====== The input ======

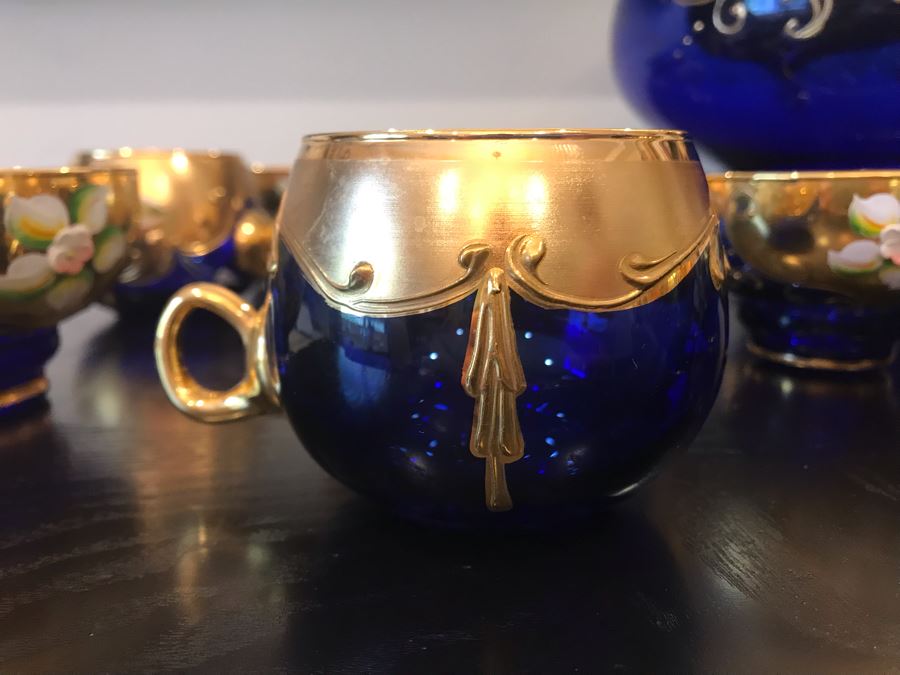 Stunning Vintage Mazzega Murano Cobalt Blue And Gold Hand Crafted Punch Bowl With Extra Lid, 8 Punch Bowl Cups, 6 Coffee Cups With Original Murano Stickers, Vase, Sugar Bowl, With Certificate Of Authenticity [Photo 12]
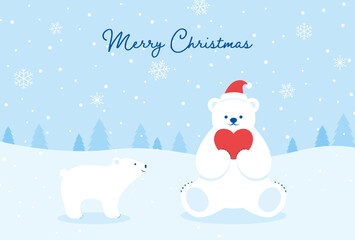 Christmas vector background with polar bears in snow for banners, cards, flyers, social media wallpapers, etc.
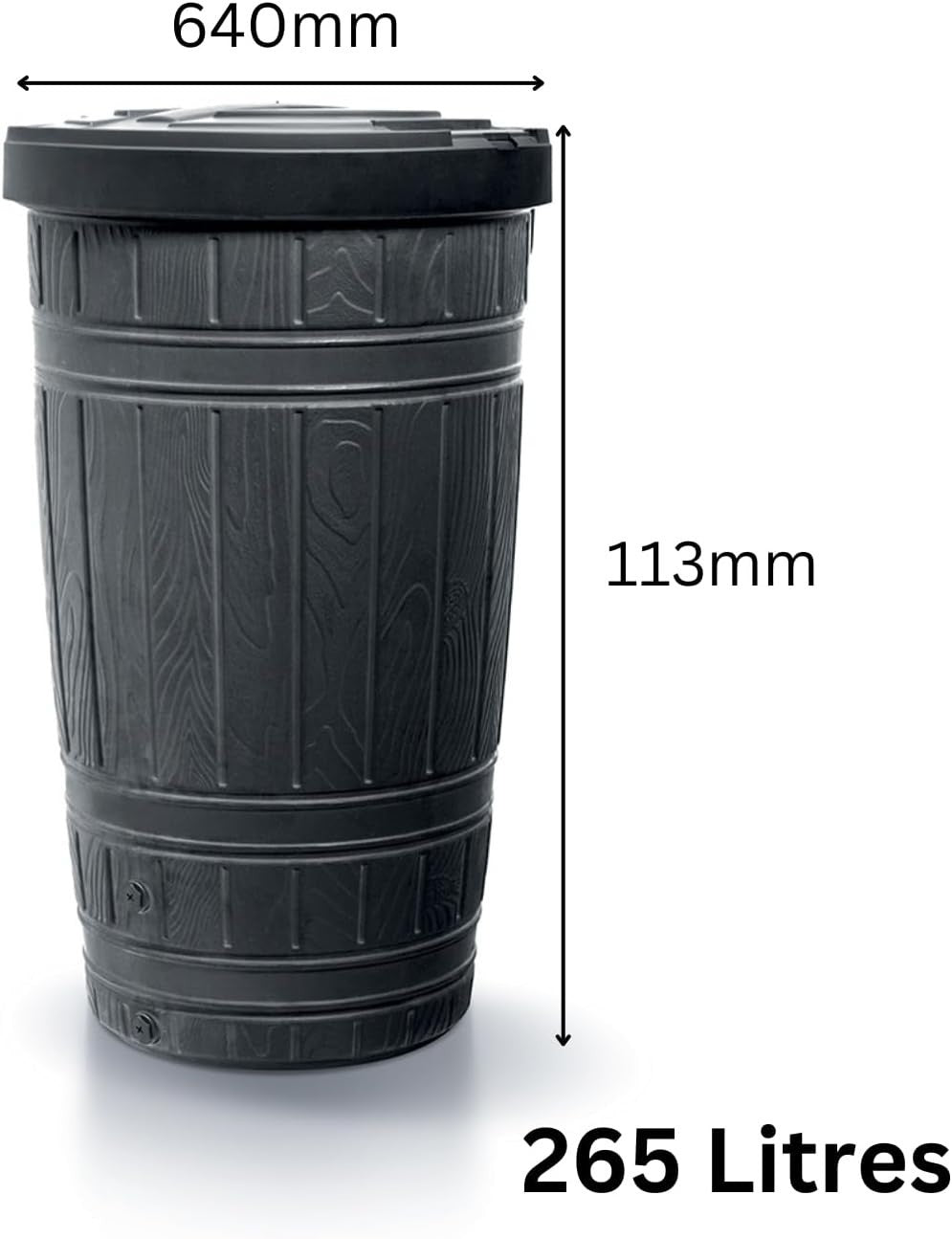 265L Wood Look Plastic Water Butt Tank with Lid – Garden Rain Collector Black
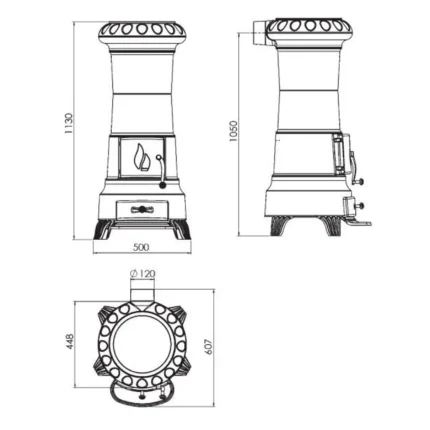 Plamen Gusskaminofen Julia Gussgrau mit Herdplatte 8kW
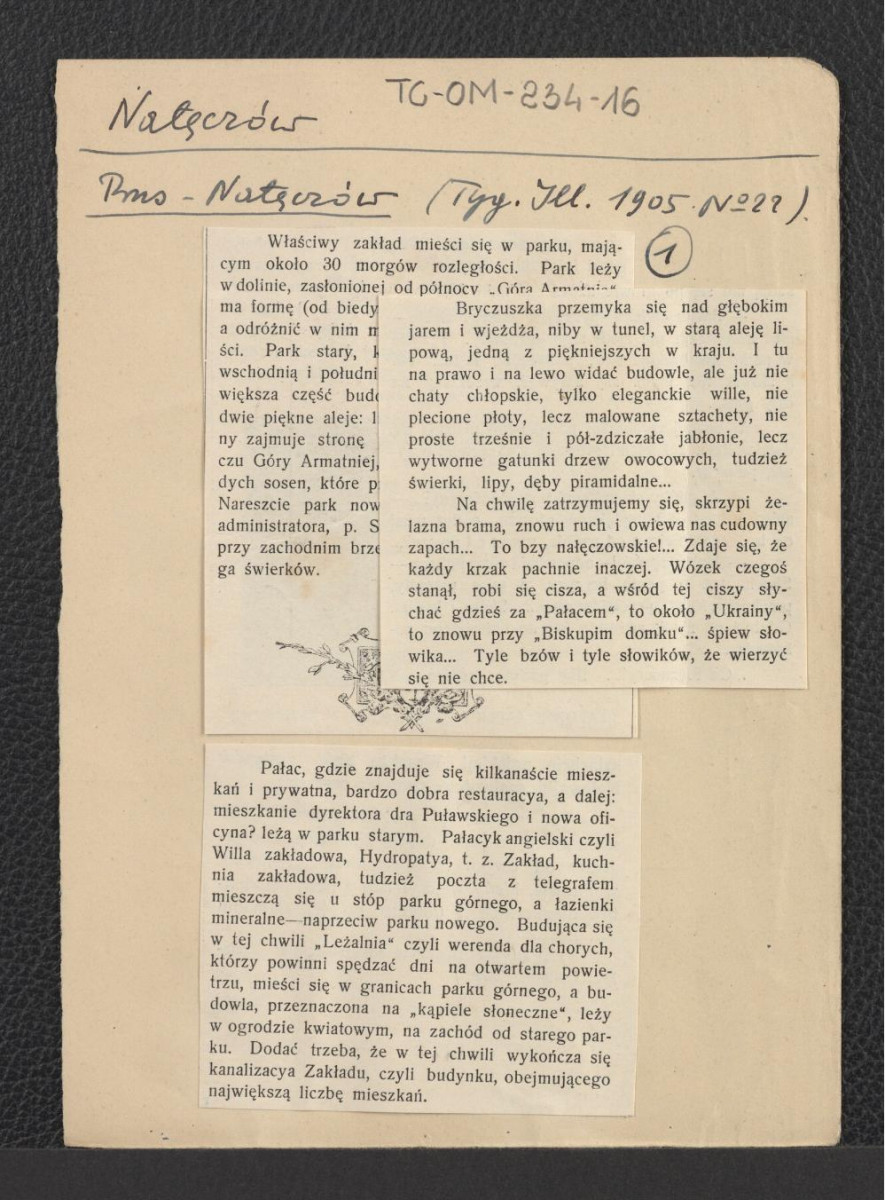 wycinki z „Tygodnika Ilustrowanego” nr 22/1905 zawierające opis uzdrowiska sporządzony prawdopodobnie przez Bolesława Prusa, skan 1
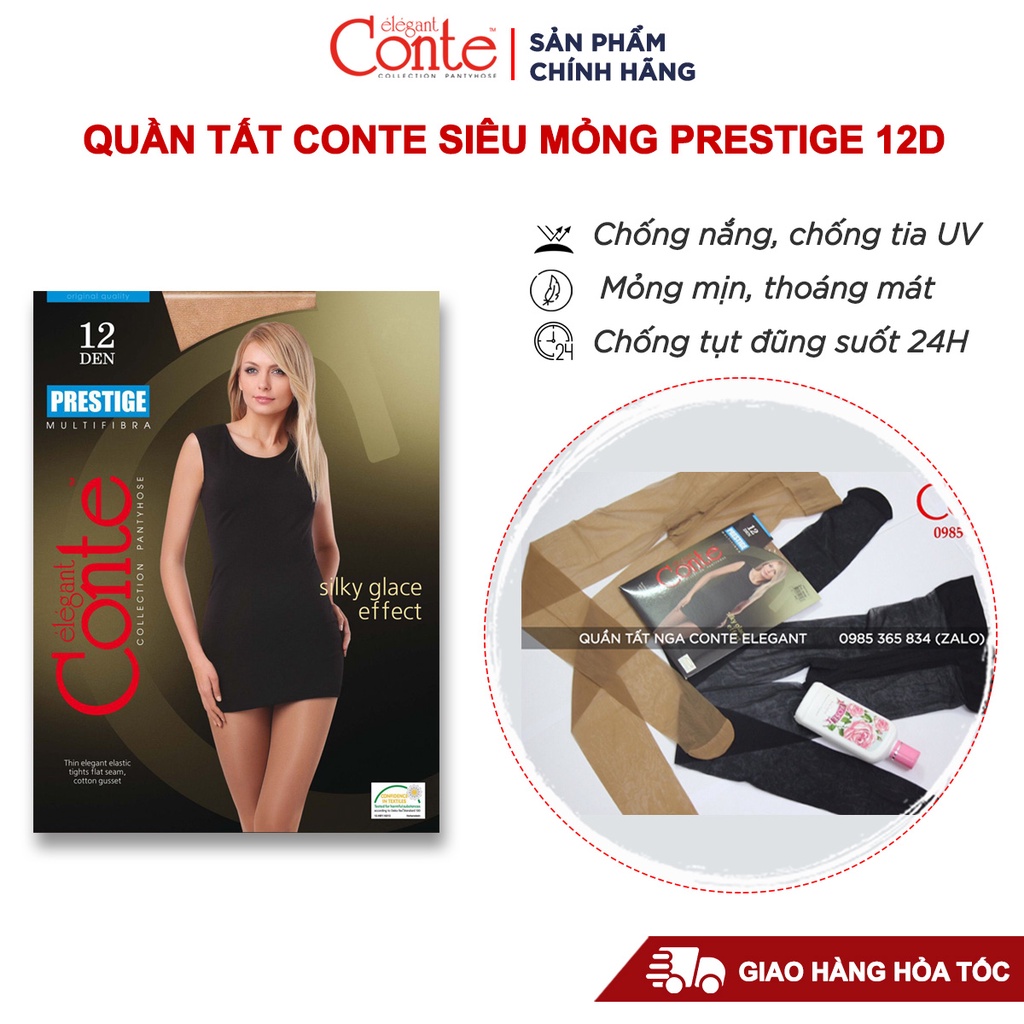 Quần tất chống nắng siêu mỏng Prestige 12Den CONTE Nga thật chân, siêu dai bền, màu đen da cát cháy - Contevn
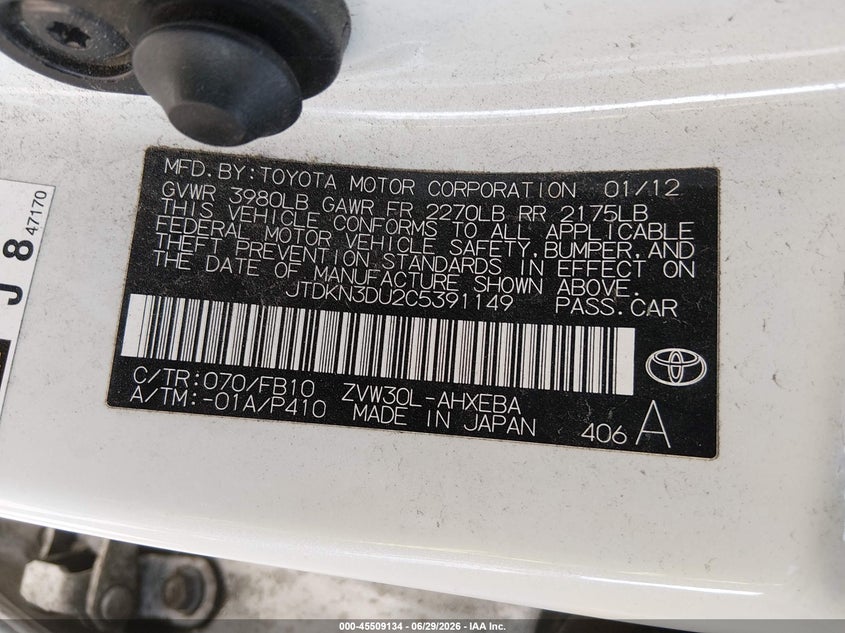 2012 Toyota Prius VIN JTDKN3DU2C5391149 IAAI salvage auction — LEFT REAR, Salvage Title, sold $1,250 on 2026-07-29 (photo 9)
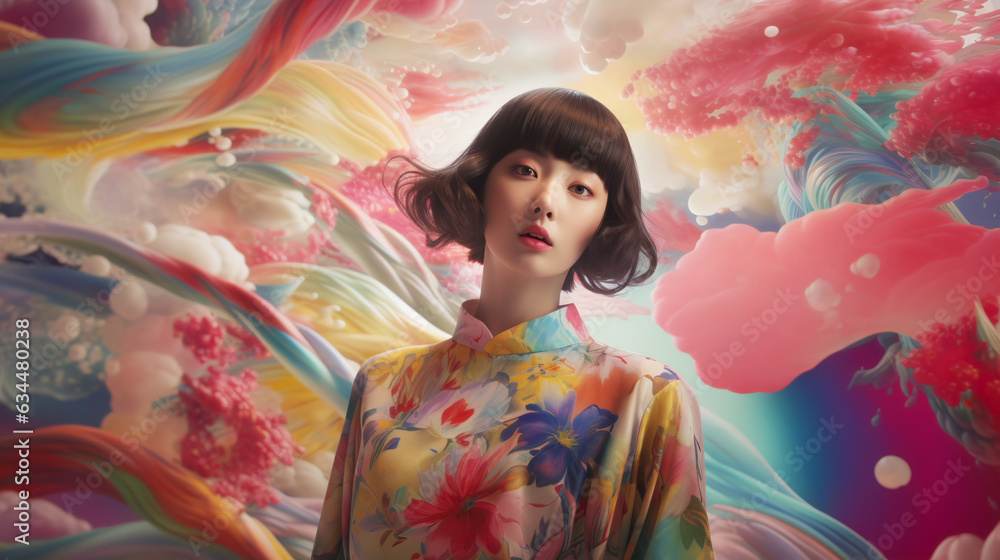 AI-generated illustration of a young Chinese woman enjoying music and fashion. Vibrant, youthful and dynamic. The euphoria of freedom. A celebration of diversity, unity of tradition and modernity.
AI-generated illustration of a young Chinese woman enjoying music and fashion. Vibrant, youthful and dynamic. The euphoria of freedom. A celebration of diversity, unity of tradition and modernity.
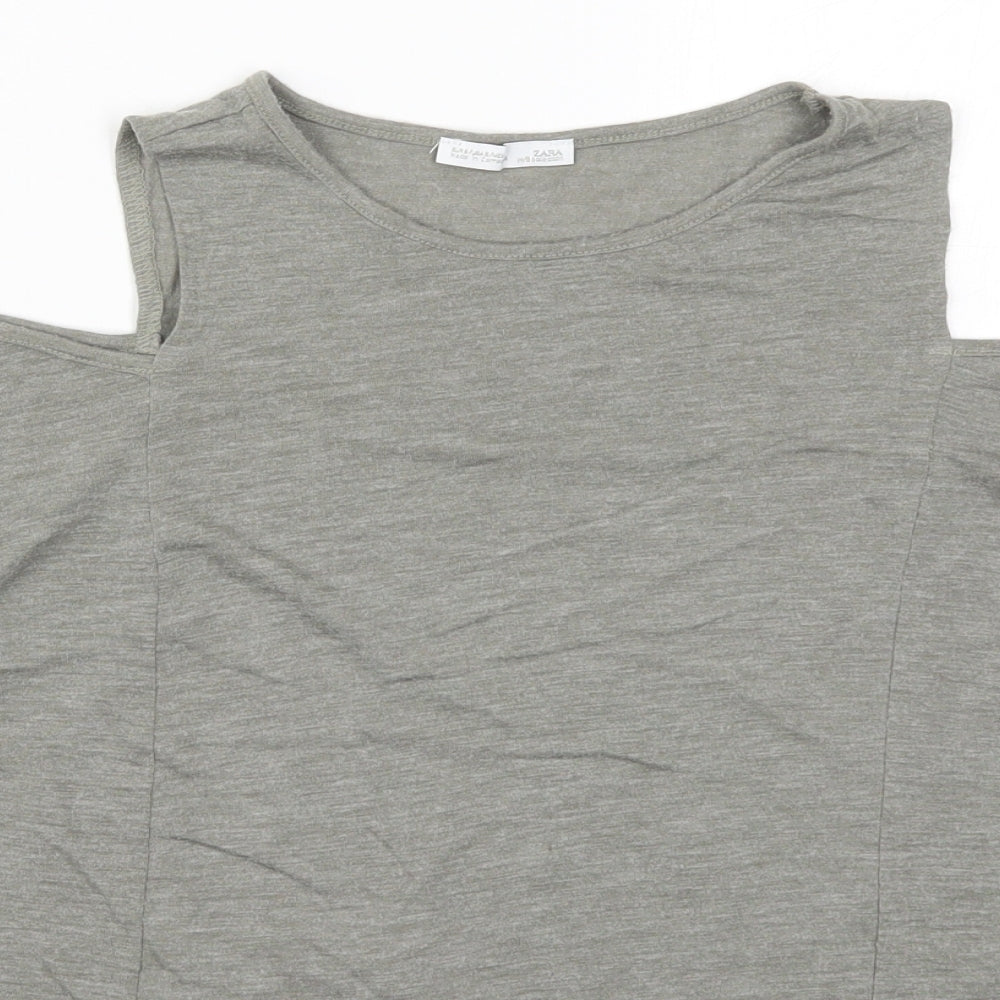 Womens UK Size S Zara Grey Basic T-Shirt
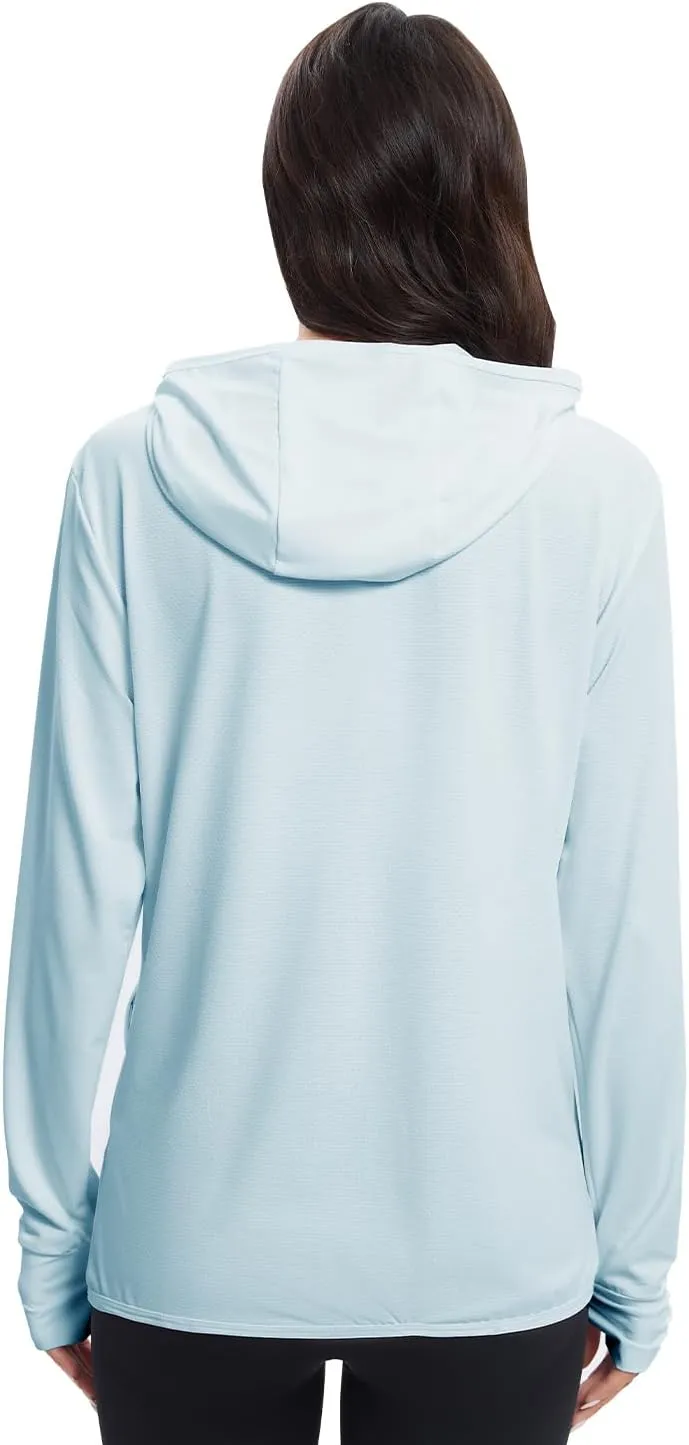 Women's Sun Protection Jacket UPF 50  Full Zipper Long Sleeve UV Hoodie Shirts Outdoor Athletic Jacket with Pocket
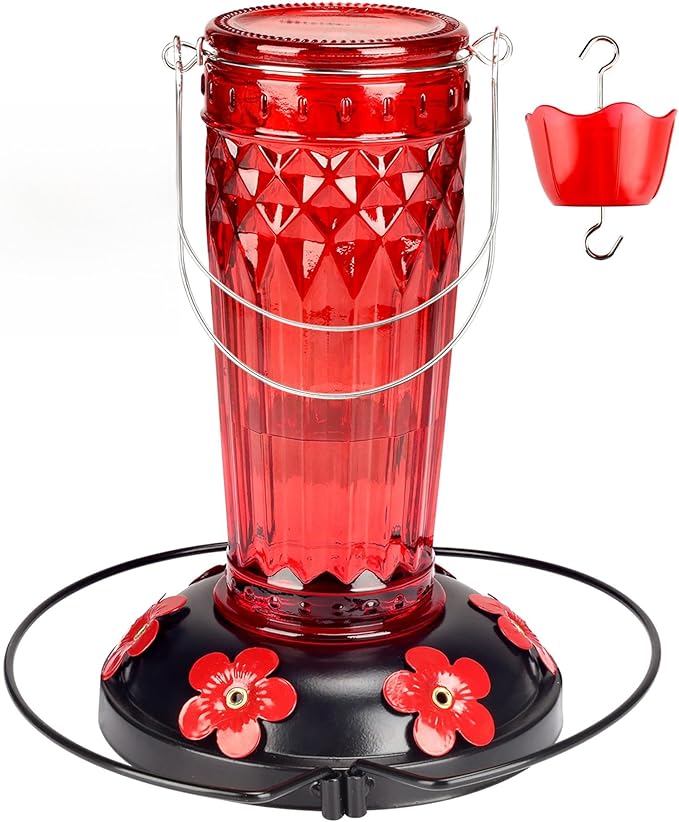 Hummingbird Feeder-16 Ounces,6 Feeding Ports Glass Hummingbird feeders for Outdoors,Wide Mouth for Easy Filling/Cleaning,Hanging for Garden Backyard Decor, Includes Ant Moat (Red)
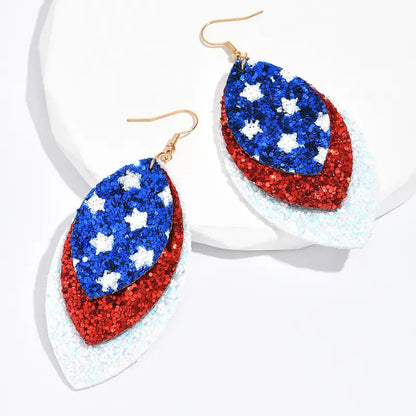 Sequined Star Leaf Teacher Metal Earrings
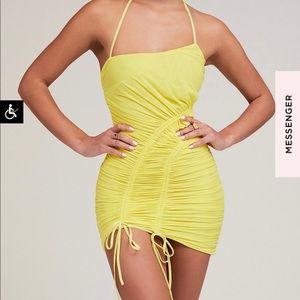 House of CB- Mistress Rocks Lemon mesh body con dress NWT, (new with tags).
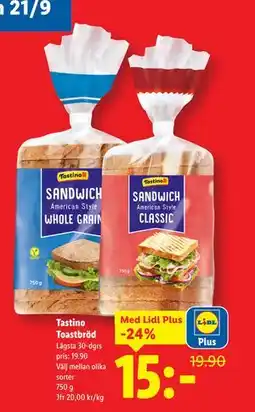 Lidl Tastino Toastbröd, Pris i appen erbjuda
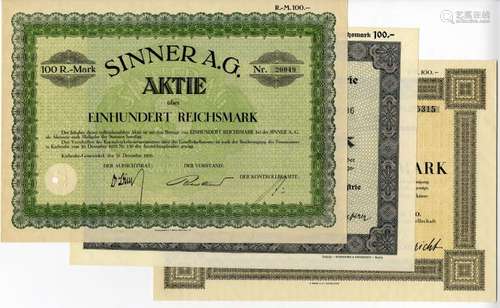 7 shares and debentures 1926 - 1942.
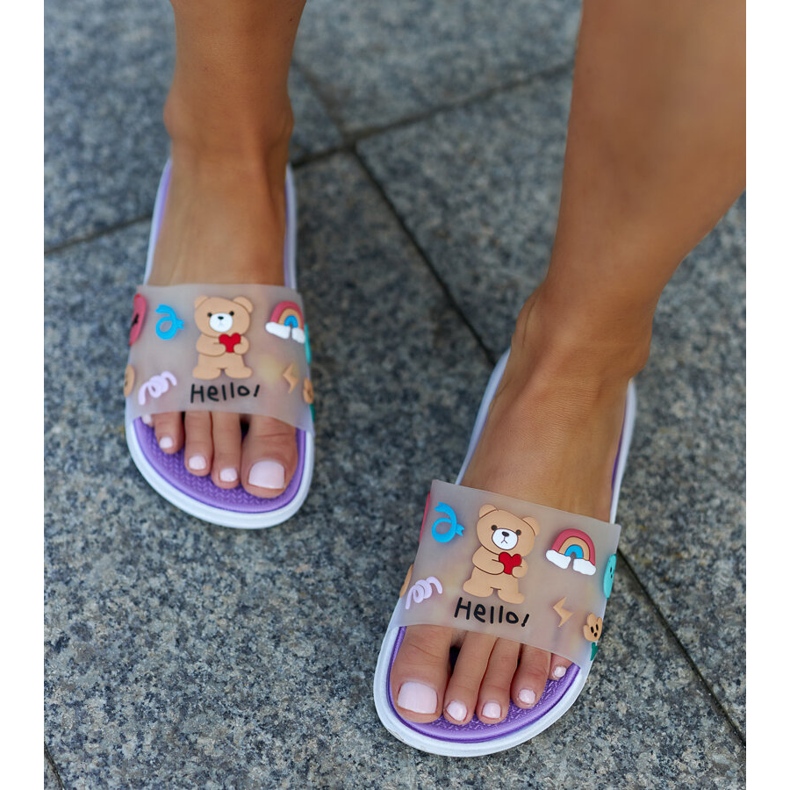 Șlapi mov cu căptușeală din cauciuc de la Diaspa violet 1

======

• _Assigned task_
Your copy should hold exactly the lines from the one with "Hummingbird Feeder-16 Ounces,6" through the final line of the records, both ends included, and no pictures.

• _Output of the task_
 Hummingbird Feeder-16 Ounces,6 Feeding Ports Glass Hummingbird feeders for Outdoors,Wide Mouth for Easy Filling/Cleaning,Hanging for Garden Backyard Decor, Includes Ant Moat (Red)
 Sequined Star Leaf Teacher Metal Earrings
 House of CB- Mistress Rocks Lemon mesh body con dress NWT, (new with tags).
 Lidl Tastino Toastbröd, Pris i appen erbjuda
 7 shares and debentures 1926 - 1942.
 Șlapi mov cu căptușeală din cauciuc de la Diaspa violet 1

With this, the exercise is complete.